Research has already shown that a minimum unit price of 50p would reduce consumption per 11-18 year old drinker by 7.3%. It won't affect the price of a pint in the pub and will only cost a moderate drinker an extra 28p each week.
The report is published as Alcohol Concern launches Alcohol Awareness Week with the theme 'it's time to talk about drinking'. The charity says it is clear that as a nation we love talking about alcohol, but asks whether we are having the right conversations.
Launching the awareness week Eric Appleby, Chief Executive, Alcohol Concern said:
"Having open and frank conversations as a society about the way we drink has never been more important and this report highlights that.
"We know that as a nation we love talking about alcohol and we all have an opinion about it, but are we having the right conversations? We've really got to get this right for the sake of future generations. I hope people will embrace this opportunity to get talking and thinking about their drinking."
Calls for a minimum unit price and Alcohol Awareness Week are just two of the ways in which Alcohol Concern is working to raise awareness of, and reduce the harm caused by alcohol misuse.
Earlier this month the charity launched its awareness raising campaign, Dry January.

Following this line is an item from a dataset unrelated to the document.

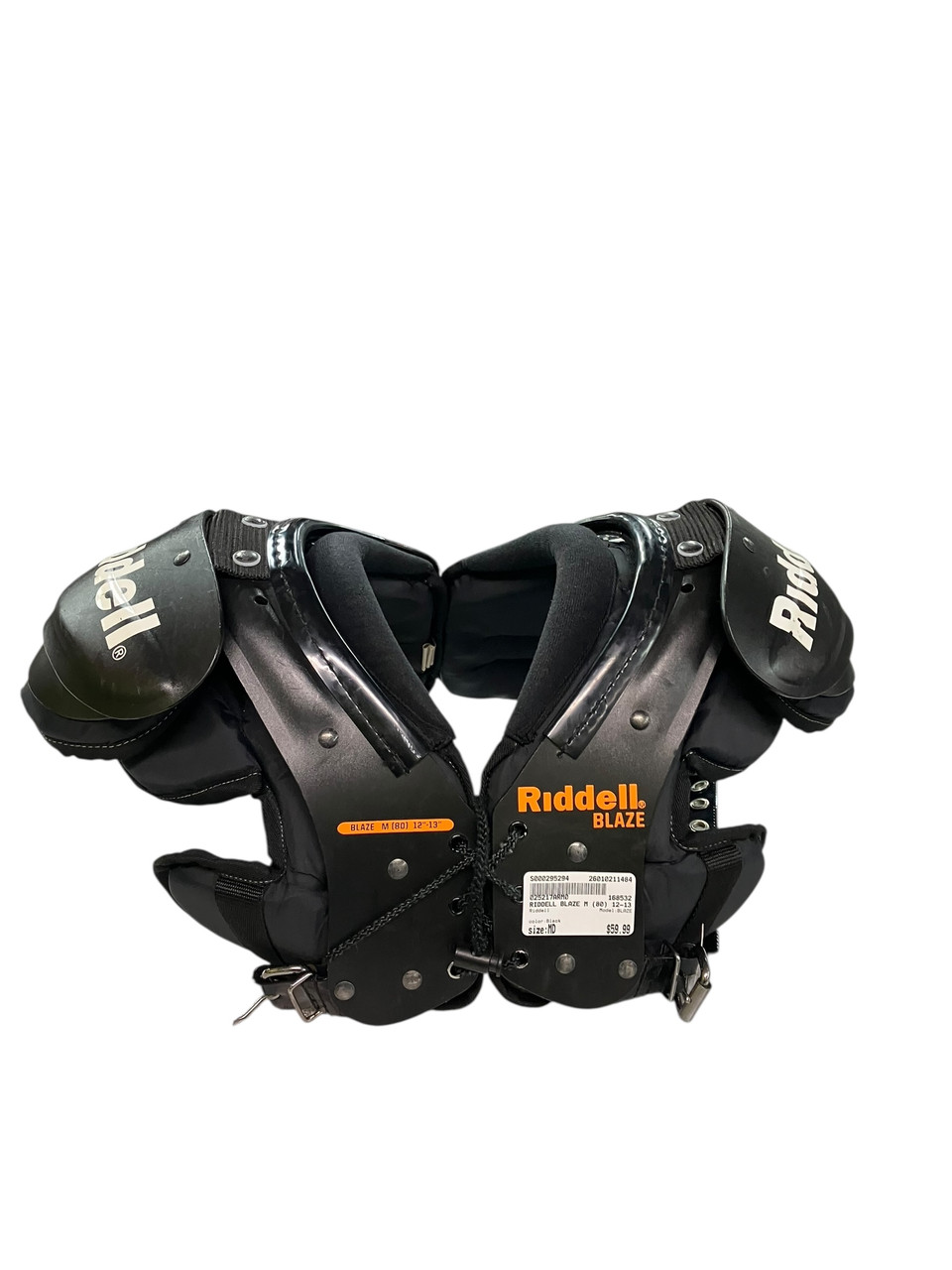 Used Riddell BLAZE FB Shoulder Pads Black MD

It challenges people to sign up and try going dry this January, to think about their drinking and share their experiences of going booze free online through Facebook and Twitter.
Emma Conroy, Alcohol Concern, 020 75669803 / email@example.com
Notes to Editors
Alcohol Awareness Week runs from the 19th to the 25th November. Use #AlcoholAware2012 on Twitter.

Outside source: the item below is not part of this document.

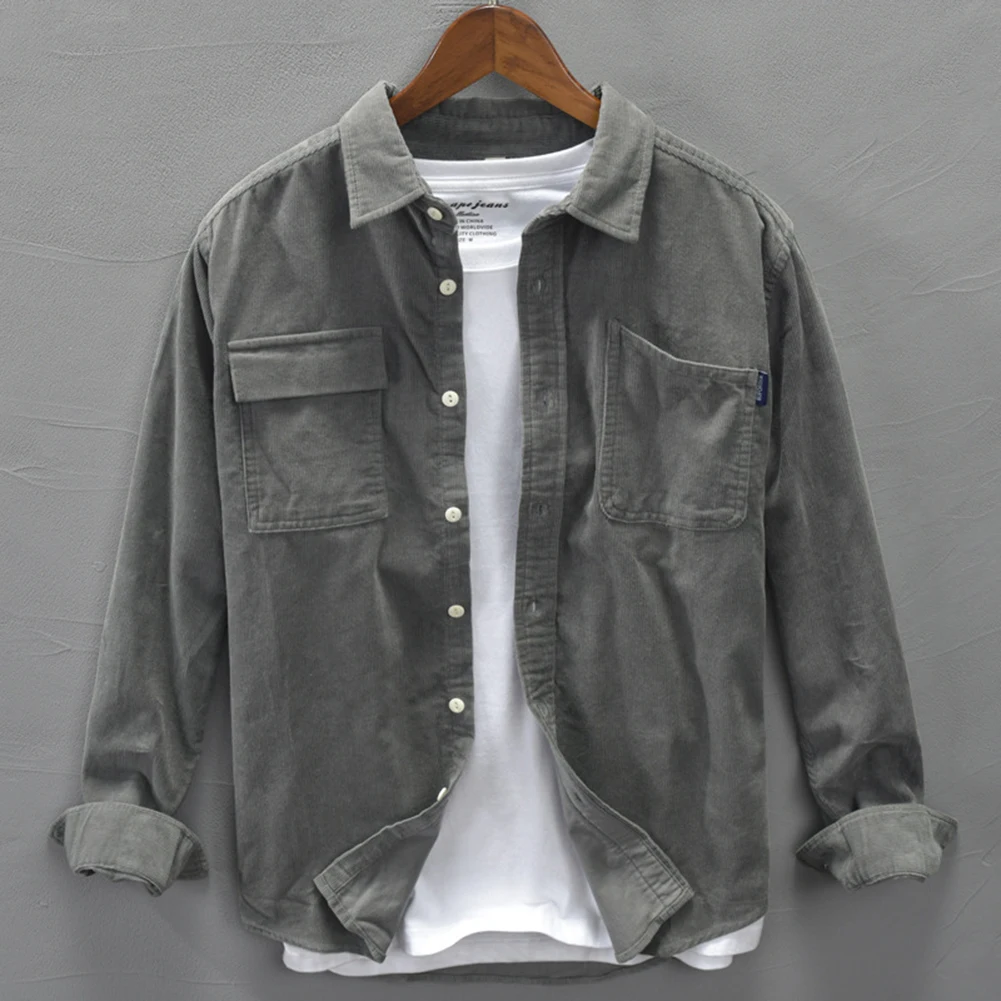 

Fashion Men's Corduroy Shirts Casual Cargo Shirt Jackets Long Sleeve Collared Regular Fit Shirt Coats Tops Outwear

"Binge - Drinking to get drunk: Influences on young adult drinking behaviours" is a report by Alcohol Concern and Balance, the North East Alcohol Office.
Key findings include:
- Young people aged 15 to 16 years in the UK are more likely than those in almost any other country to have been drunk at least once in the last month and are more likely to have experienced being drunk by the age of 13.
- 69% of 16 - 24 year olds agreed or strongly agreed the price of alcohol bought from pubs and bars compared with off licences influences how people drink.
- 63% of 16 - 24 year olds agreed or strongly agreed cheap alcohol promotions encourage 'drinking to get drunk'.
- 61% of 16 - 24 year olds agreed or strongly agreed advertising which associates consuming alcohol with having fun influences expectations of drinking or being drunk.